> Recorded information
"""

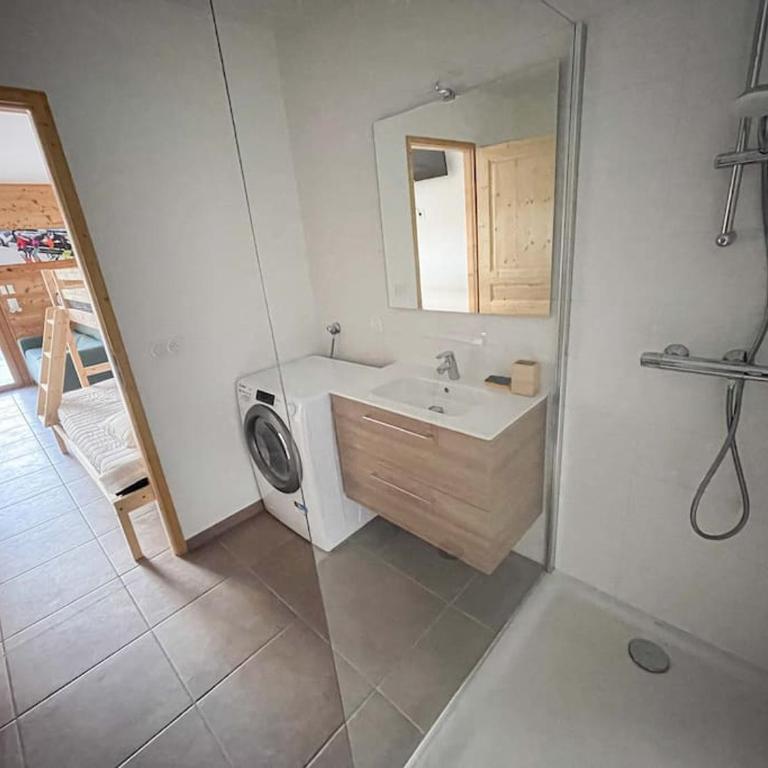 Dans résidence neuve LE SNOW ROC sur les pistes, grand studio cosy 5 pers avec terrasse panoramique, SAUNA, WIFI - Appartement 1 Chambre - 10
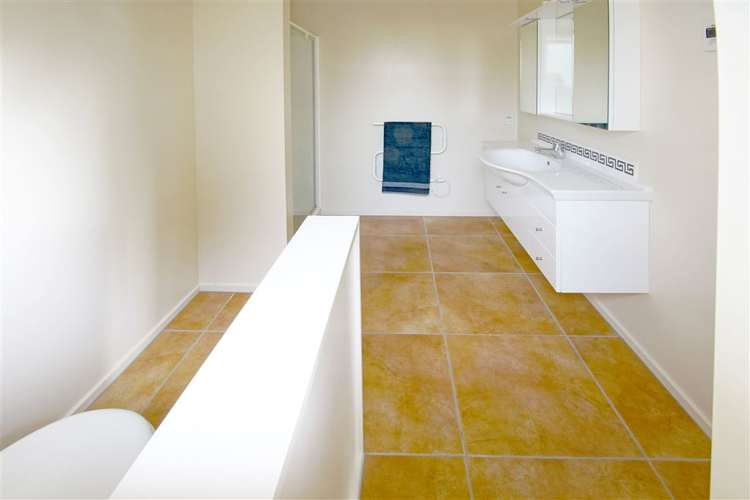 5 Piper Lane Beckenham_11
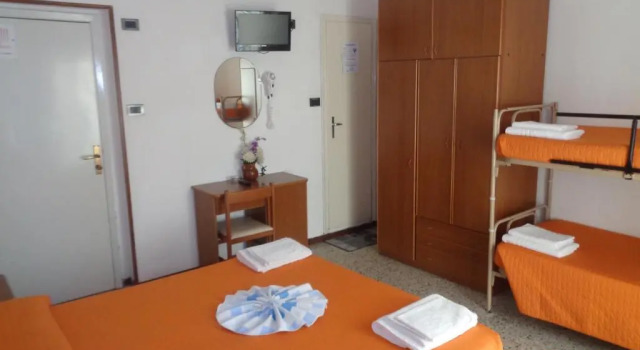 Четырёхместный номер Standard Hotel Lariana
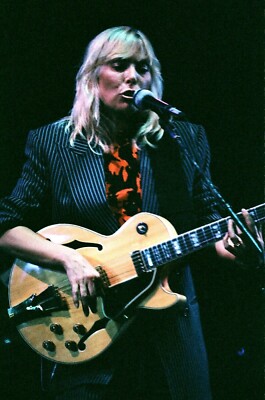 ミュージシャン Joni Mitchell Live1983 Concert Phamphlet JONI MITCHELL in concert Wembley 1983! 60 Rare Onstage PHOTOS! not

"""

> Exercise goal
In transcribing the material above, reproduce each line exactly and include none of the pictures.

> Solution to the exercise
 Dans résidence neuve LE SNOW ROC sur les pistes, grand studio cosy 5 pers avec terrasse panoramique, SAUNA, WIFI - Appartement 1 Chambre - 10
 5 Piper Lane Beckenham_11
 Четырёхместный номер Standard Hotel Lariana
 ミュージシャン Joni Mitchell Live1983 Concert Phamphlet JONI MITCHELL in concert Wembley 1983! 60 Rare Onstage PHOTOS! not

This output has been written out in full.